Le manque de contacts sociaux, les tensions intrafamiliales ou la peur du chômage pèsent actuellement sur de nombreuses personnes. Cependant, la pandémie affecte tout particulièrement les personnes qui souffrent de troubles psychologiques, relève Lisa Aeberhard des Services psychiatriques universitaires de Berne (SPU). Elle nous explique pourquoi les SPU s’engagent face aux enjeux actuels et comment ils y répondent.

Quels sont les effets de la crise du coronavirus et des mesures prises pour la contenir que vous observez chez les enfants, les adolescents et les jeunes adultes ?

En raison de la pandémie, nous avons tous dû adapter notre quotidien aux nouvelles règles imposées et développer des stratégies de gestion adéquates.
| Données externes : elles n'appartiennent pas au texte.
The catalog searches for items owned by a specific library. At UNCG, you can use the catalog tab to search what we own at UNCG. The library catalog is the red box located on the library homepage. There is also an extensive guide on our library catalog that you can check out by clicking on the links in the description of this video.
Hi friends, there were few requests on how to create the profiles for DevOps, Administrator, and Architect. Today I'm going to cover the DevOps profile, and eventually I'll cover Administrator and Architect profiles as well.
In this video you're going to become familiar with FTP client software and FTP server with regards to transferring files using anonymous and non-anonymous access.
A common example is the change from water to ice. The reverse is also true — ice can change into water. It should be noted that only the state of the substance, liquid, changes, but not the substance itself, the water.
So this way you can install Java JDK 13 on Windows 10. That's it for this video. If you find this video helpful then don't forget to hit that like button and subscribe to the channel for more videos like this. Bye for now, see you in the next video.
Ces défis peuvent être vécus comme des facteurs de stress qui influencent notre santé psychique à des degrés divers. Ils ont donc un impact – direct ou indirect – sur notre environnement familial et sur les enfants et les jeunes qui font partie de notre « cellule familiale ». Si l’on ajoute à cela des peurs existentielles, des conflits relationnels ou un logement exigu, la crise du coronavirus peut représenter une situation de stress pour toute la famille.
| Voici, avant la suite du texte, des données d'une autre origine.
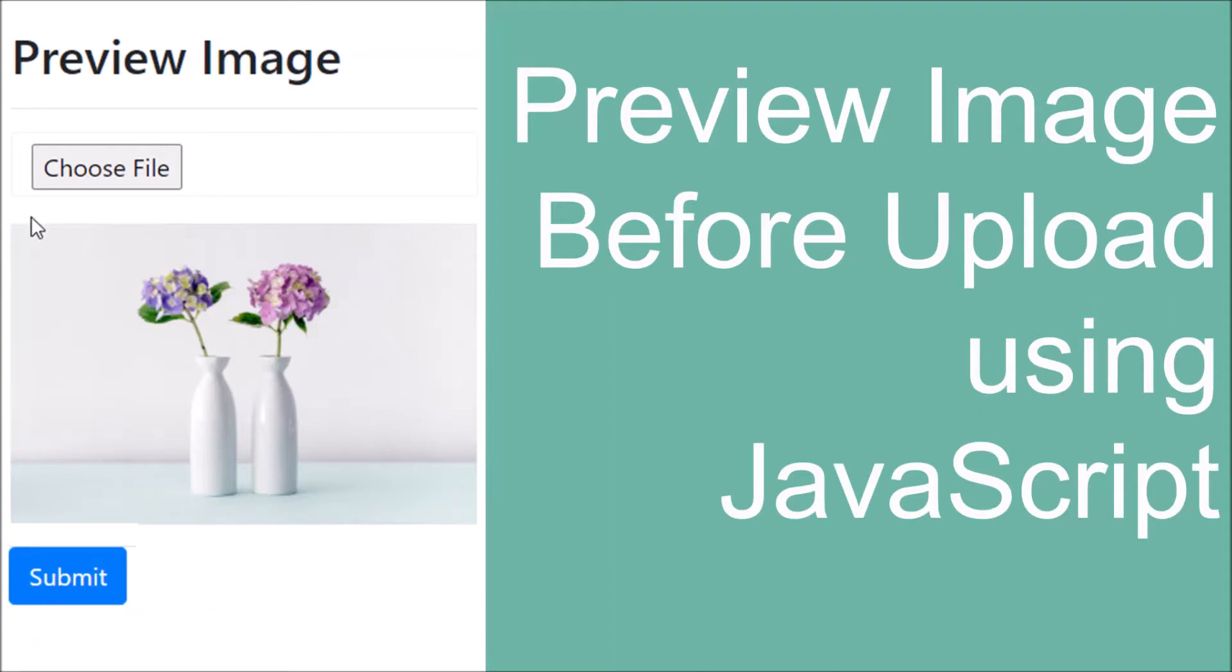Hello everyone and welcome back to my channel. Today I will show you how to preview an image before upload using JavaScript. So let's get started.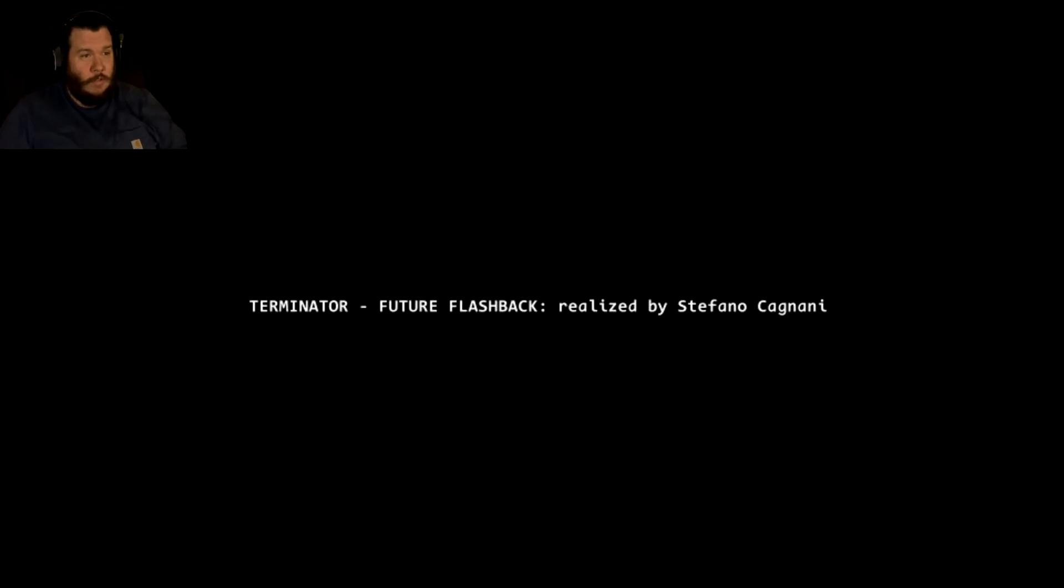Is that the end? Stefano, man, you did an awesome job. Damn, and the game just goes to the desktop.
Aux yeux des jeunes, les mesures ordonnées sont drastiques : ils ont dû réduire considérablement les contacts avec leurs pairs – réseaux numériques exceptés – et renoncer à presque toutes leurs activités de loisirs communes et à leurs espaces de liberté. Au lieu d’élargir leur rayon d’action social dans le cadre d’un processus sain de détachement et d’autonomie, ils sont restreints dans leurs mouvements depuis des mois.
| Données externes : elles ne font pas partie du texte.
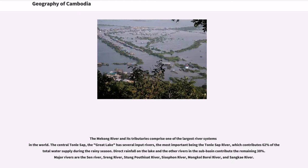The Mekong River and its tributaries comprise one of the largest river systems in the world. The central Tonle Sap — the Great Lake — has several input rivers, the most important being the Tonle Sap River, which contributes 62% of the total water supply during the rainy season. Direct rainfall on the lake and the other rivers in the sub-basin contribute the remaining 38%. Major rivers are the Sen River, Tsurang River, Stung Pursat River, Sreng River, Mongkol Borei River, and Sankey River.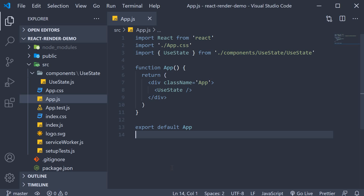In this video we are going to understand the rendering behavior with respect to the useReducer hook. useReducer behaves very similar to the useState hook, but for completeness let's understand with an example.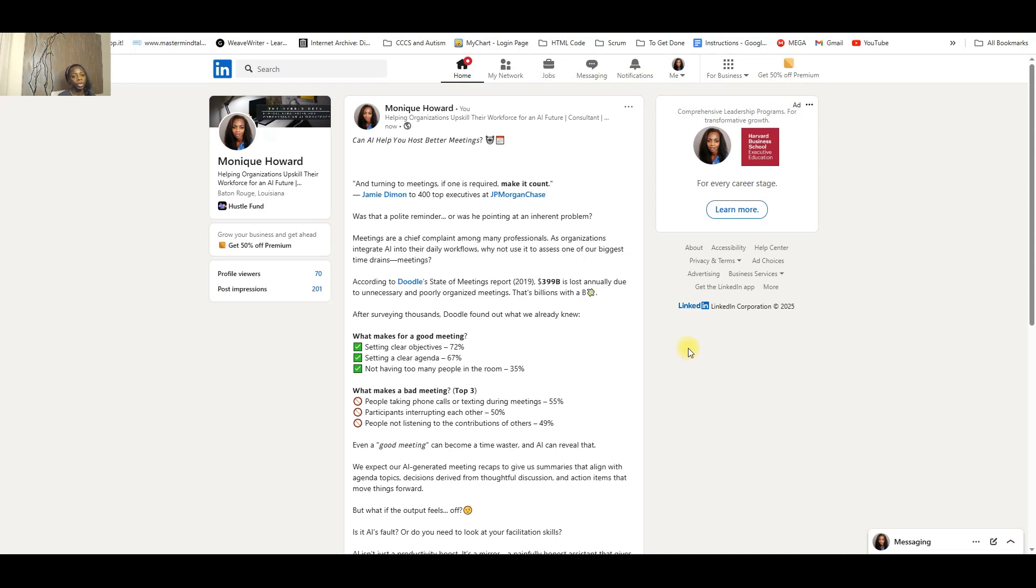This is a post that I started working on last week and the question that I asked was: can AI help you host better meetings?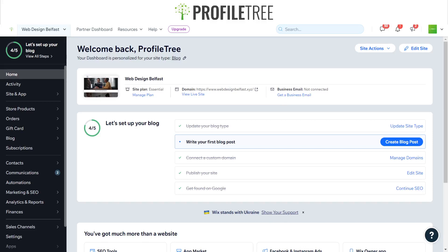Hello guys and welcome back to another Profile3 Wix YouTube tutorial. Today I'm going to be showing you how to add a favicon on your Wix website, so yes we'll go ahead and get started.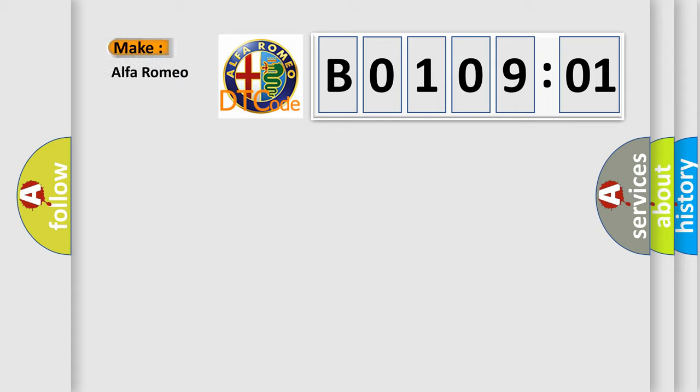So, what does the diagnostic trouble code B0109-01 interpret specifically for Alfa Romeo?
Qu’est-ce qui pèse le plus sur la jeune génération ?

À mon avis, les jeunes en bonne santé souffrent avant tout des restrictions entourant les contacts sociaux. Nos patients souffrent également de l’impossibilité d’avoir des contacts. Cependant, comme les personnes qui souffrent de troubles psychiques ont souvent moins de contacts sociaux et que leur réseau tend à être réduit, elles ressentent plutôt de la solitude et de l’isolement. On nous a à plusieurs reprises fait part de tensions au sein de la famille, provoquées par le temps accru que les jeunes patients passent à la maison, contre leur gré. Des incertitudes et des craintes par rapport à l’avenir professionnel nous ont également été exprimées. Plusieurs patients ont été touchés par le chômage partiel ou par des licenciements et subissent les effets économiques concrets de la crise. On observe également une tendance accrue à consommer de l’alcool ou d’autres substances, utilisés comme une automédication pour combattre le stress.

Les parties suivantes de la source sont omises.